What you will do
What you write must be the lines from the one holding "Công bố ca khúc chính thức SEA Games 31" through the final line of the records below, reproduced exactly, minus the pictures.

Input records
——

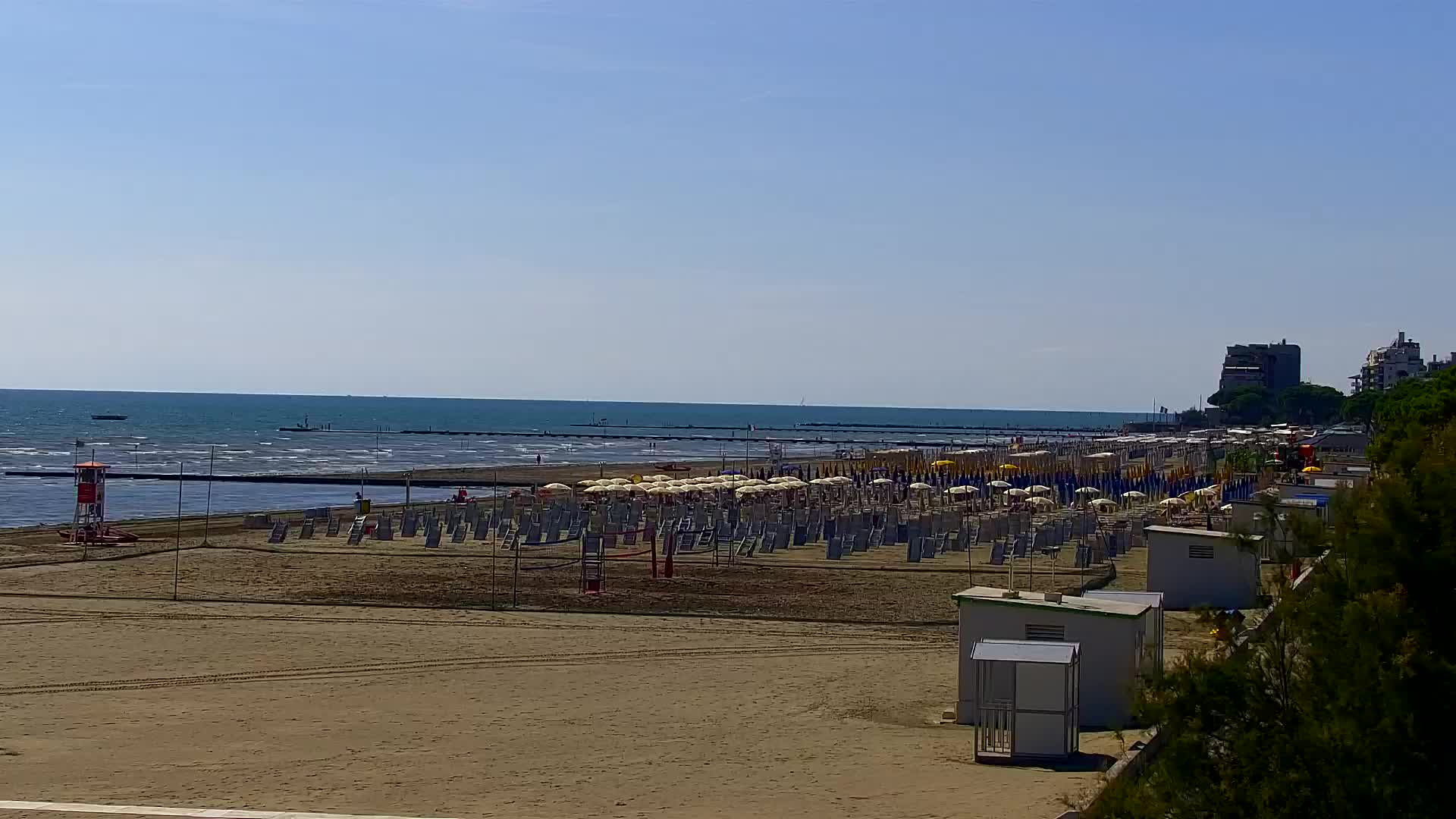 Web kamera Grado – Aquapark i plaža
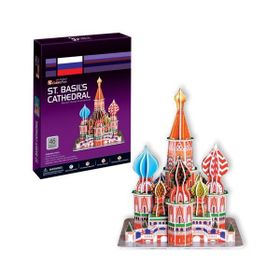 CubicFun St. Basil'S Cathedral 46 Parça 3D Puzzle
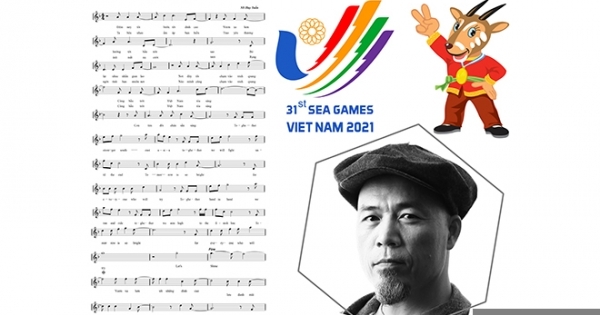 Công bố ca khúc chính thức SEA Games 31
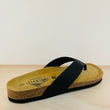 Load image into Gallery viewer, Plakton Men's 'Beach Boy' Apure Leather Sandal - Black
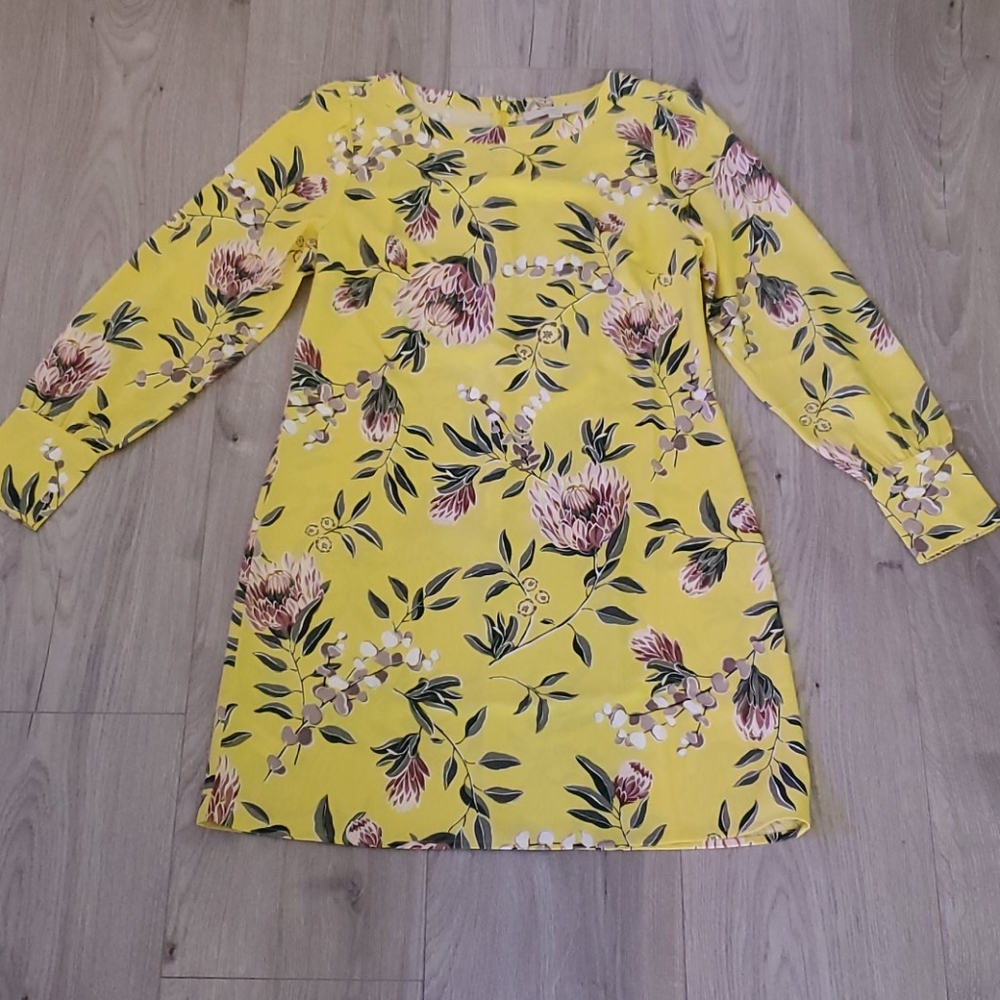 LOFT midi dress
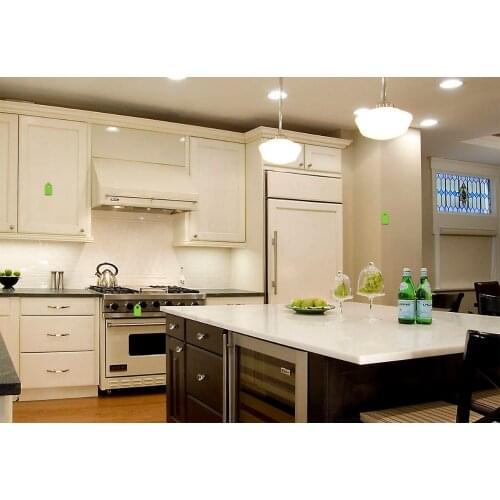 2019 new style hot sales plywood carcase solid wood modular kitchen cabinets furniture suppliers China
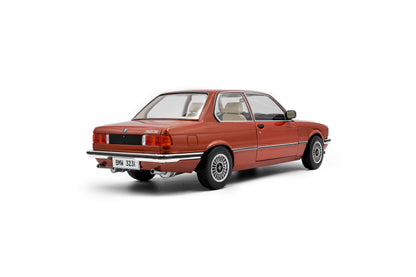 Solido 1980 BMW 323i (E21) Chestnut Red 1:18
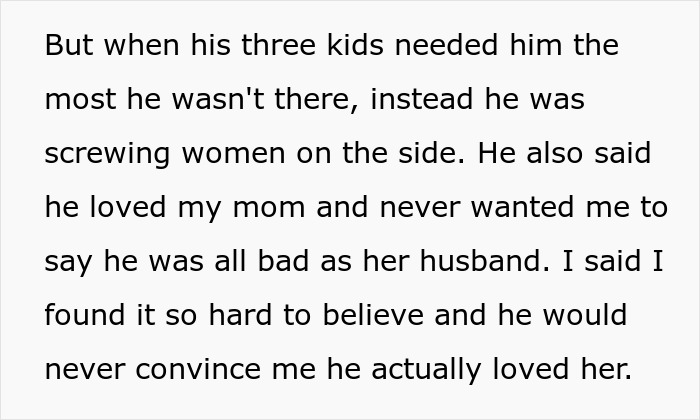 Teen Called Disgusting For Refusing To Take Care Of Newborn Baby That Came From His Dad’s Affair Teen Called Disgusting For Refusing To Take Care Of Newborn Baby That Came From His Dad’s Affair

——

Solved problem
 Công bố ca khúc chính thức SEA Games 31
 Load image into Gallery viewer, Plakton Men's 'Beach Boy' Apure Leather Sandal - Black
 LOFT midi dress
 2019 new style hot sales plywood carcase solid wood modular kitchen cabinets furniture suppliers China
 Solido 1980 BMW 323i (E21) Chestnut Red 1:18
 Teen Called Disgusting For Refusing To Take Care Of Newborn Baby That Came From His Dad’s Affair Teen Called Disgusting For Refusing To Take Care Of Newborn Baby That Came From His Dad’s Affair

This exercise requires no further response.